Fue preciso entrar en la complicada mecánica de la elección imperial. Conforme a la Bula de Oro, proclamada por Carlos IV en 1356, esa elección estaba confiada a siete grandes personajes, tres de ellos eclesiásticos (los arzobispos de Maguncia, Tréveris y Colonia) y los otros cuatro, el rey de Bohemia, el margrave de Brandemburgo, el conde del Palatinado y el duque de Sajonia.

Eran los Príncipes Electores. Sobre ellos presionarían al instante los dos candidatos más destacados: Francisco I de Francia y Carlos de Gante, rey de las Españas.

De acuerdo con las normas fijadas en la Bula de Oro, debían reunirse en el plazo de un mes, a partir de la muerte del Emperador, y elegir, dentro de los tres meses siguientes, al nuevo jefe del Imperio.

A Carlos V la muerte de su abuelo Maximiliano, ocurrida el 12 de enero de 1519, le cogió ya en tierras catalanas, a su paso por Lérida, camino de Barcelona. Pero no desprevenido. De hecho, su tía Margarita de Saboya llevaba desde su Corte en los Países Bajos las negociaciones con los Príncipes Electores.

Aunque Carlos no había vivido en Alemania y no había sido educado a lo alemán, hasta el punto de conocer mal su idioma, tenía a su favor el que se le tuviera vinculado al Imperio, como cabeza de la Casa de Austria, y esa sería una baza que acabaría jugando a su favor. En cambio, su extrema juventud y el hecho de que todavía fuera prácticamente un desconocido, era algo que pesaba en su contra.
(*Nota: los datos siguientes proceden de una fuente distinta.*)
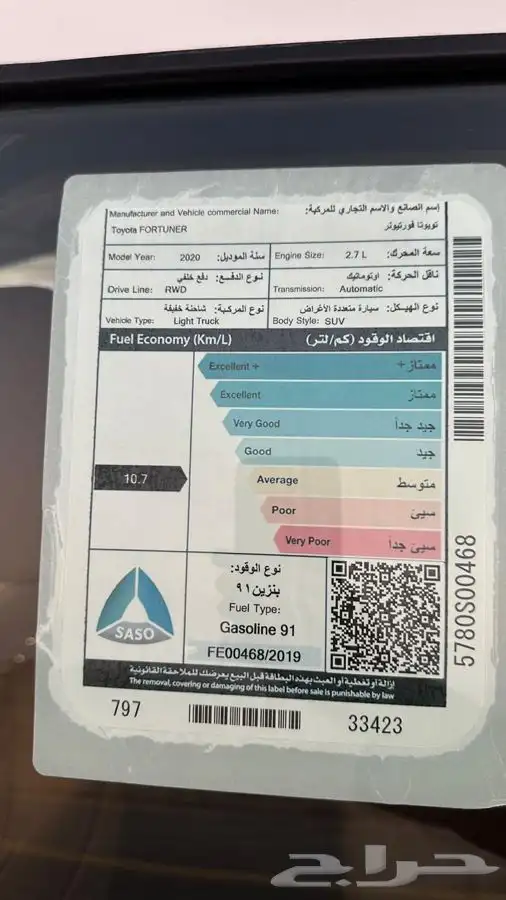فورشينر -2020. -بدون ندبل - - - تم البيع تم البيع 28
Todo lo contrario que su máximo rival, el rey Francisco I de Francia. El monarca galo contaba entonces con veinticinco años y había hecho su brillante aparición en el teatro europeo, con su rápida conquista del Milanesado en 1515, el mismo año de su subida al trono. Si la Europa germánica buscaba un rey-soldado, dueño además de los grandes recursos que deparaba una nación tan rica como Francia, para combatir con eficacia al Turco, ése nadie tenía duda de que era él.

Y, por otra parte, la diplomacia francesa, bien dirigida por Bonnivet, llevaba algún tiempo actuando en los dos campos principales: en Alemania y en Roma. En Alemania, ya desde 1517, parecían haberse ganado a su causa al príncipe elector Joaquín de Brandemburgo y a su hermano Alberto, arzobispo de Maguncia.

También el papa León X se mostraba más favorable a Francisco I, tanto por considerarlo probado como caudillo de la cruzada con la que soñaba, como porque temía menos a un emperador dueño de Milán que de Nápoles.

Precisamente esa circunstancia, y el dar casi por perdida la elección de su sobrino Carlos, fue lo que llevó a Margarita de Saboya a plantear una posible sustitución del candidato de la Casa de Austria: no Carlos, sino Fernando; no el señor de los Países Bajos, de España y de los reinos italianos de Nápoles, Sicilia y Cerdeña, sino el mucho más modesto y, por ello, menos temible Fernando, que ni siquiera había recibido todavía los Estados patrimoniales de Austria3.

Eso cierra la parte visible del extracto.